Graphite is a battery anode material. Copper is the wiring backbone of every solar installation, EV, and grid modernisation project globally. The global decarbonisation agenda that is driving demand for the Maun solar plant is the same agenda creating surging demand for the minerals Botswana may hold. Oman's involvement in both the energy and minerals dimensions of this deal reflects a sophisticated understanding of where transition value chains are being built and a sovereign capital appetite to participate across the full stack.
Botswana's economy has historically been anchored by diamond exports. The IMF has consistently highlighted the importance of diversification in resource-dependent economies, noting that commodity revenue concentration creates fiscal vulnerability to price cycle volatility. The Oman partnership addresses this directly not by replacing the mining economy but by adding energy infrastructure and critical mineral development as parallel growth pillars that are both linked to global demand trajectories.

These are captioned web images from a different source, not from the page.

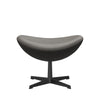 Fritz Hansen The Egg Footstool Leather, Black/Essential Lava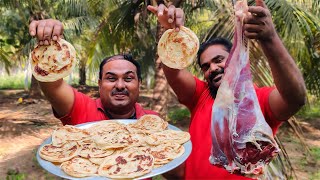 KOTHU KARI CHILLI PAROTTA | Mutton Chilli Parotta Recipe | Village Style Cooking | World Food Tube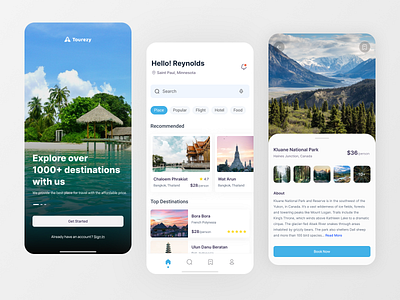 Tourezy - Travel Mobile App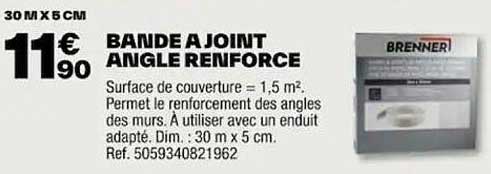 bande à joint angle renforcé brenner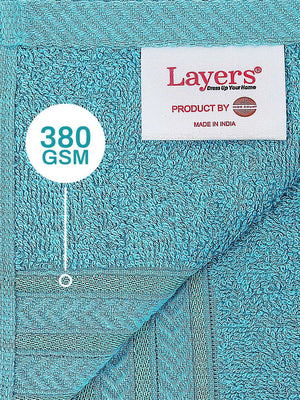 100% Cotton Gym Workout Towel, 380 GSM - Pack of 1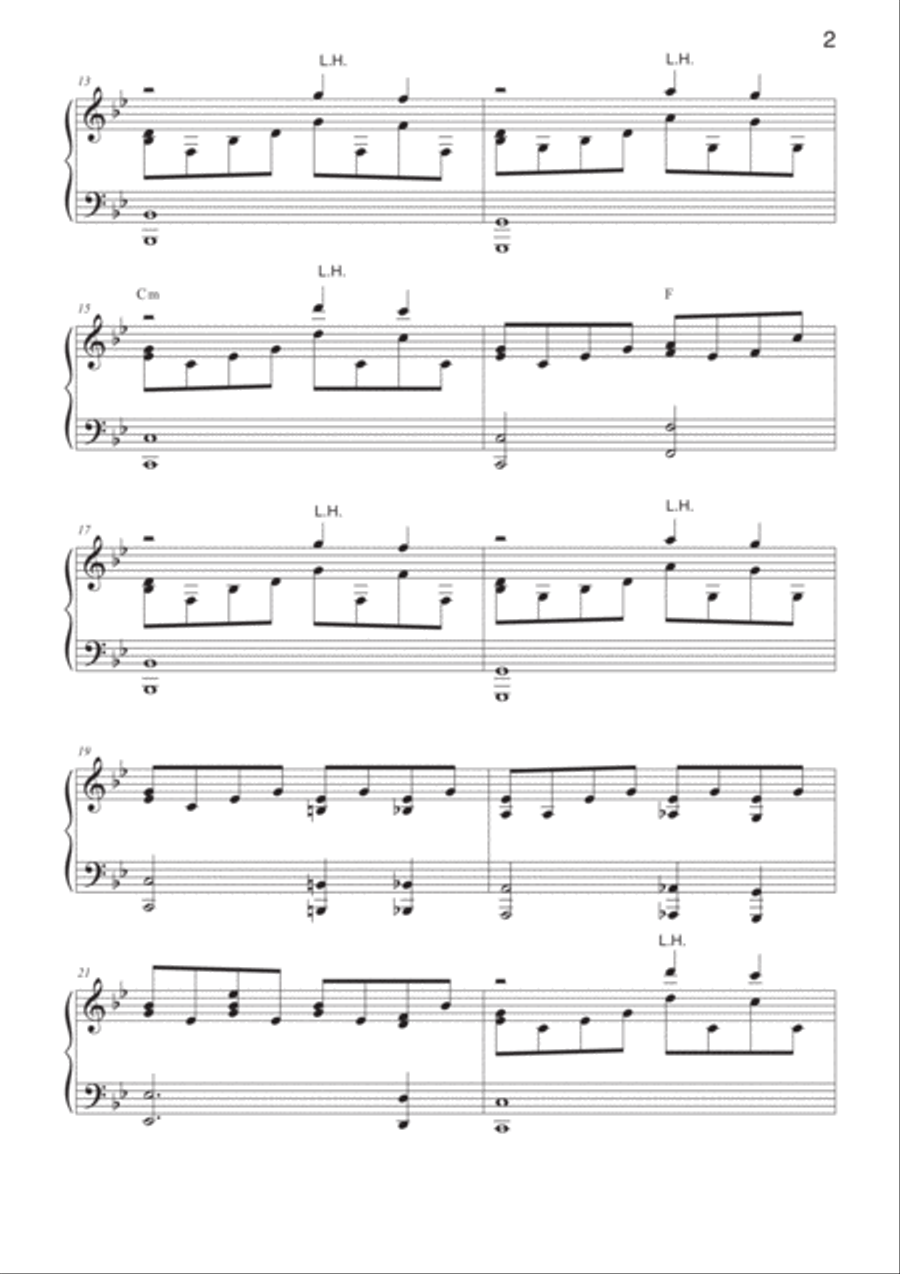 Bohemian Rhapsody Piano Solo scores gallery preview page 2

The Botswana–Oman agreements represent one of the most structurally complete bilateral economic partnerships concluded in Southern Africa in recent years combining sovereign capital, a 25-year energy concession, critical minerals exploration across 70% of the country's land, and petroleum infrastructure in a single negotiating round. The 500MW Maun solar project is the headline. The 3GW pipeline behind it, the BESS storage precedent it sets, and the critical minerals dimension layered beneath it are the strategic story. Botswana is not just building a power plant it is constructing the energy and resource architecture of its post-diamond economy.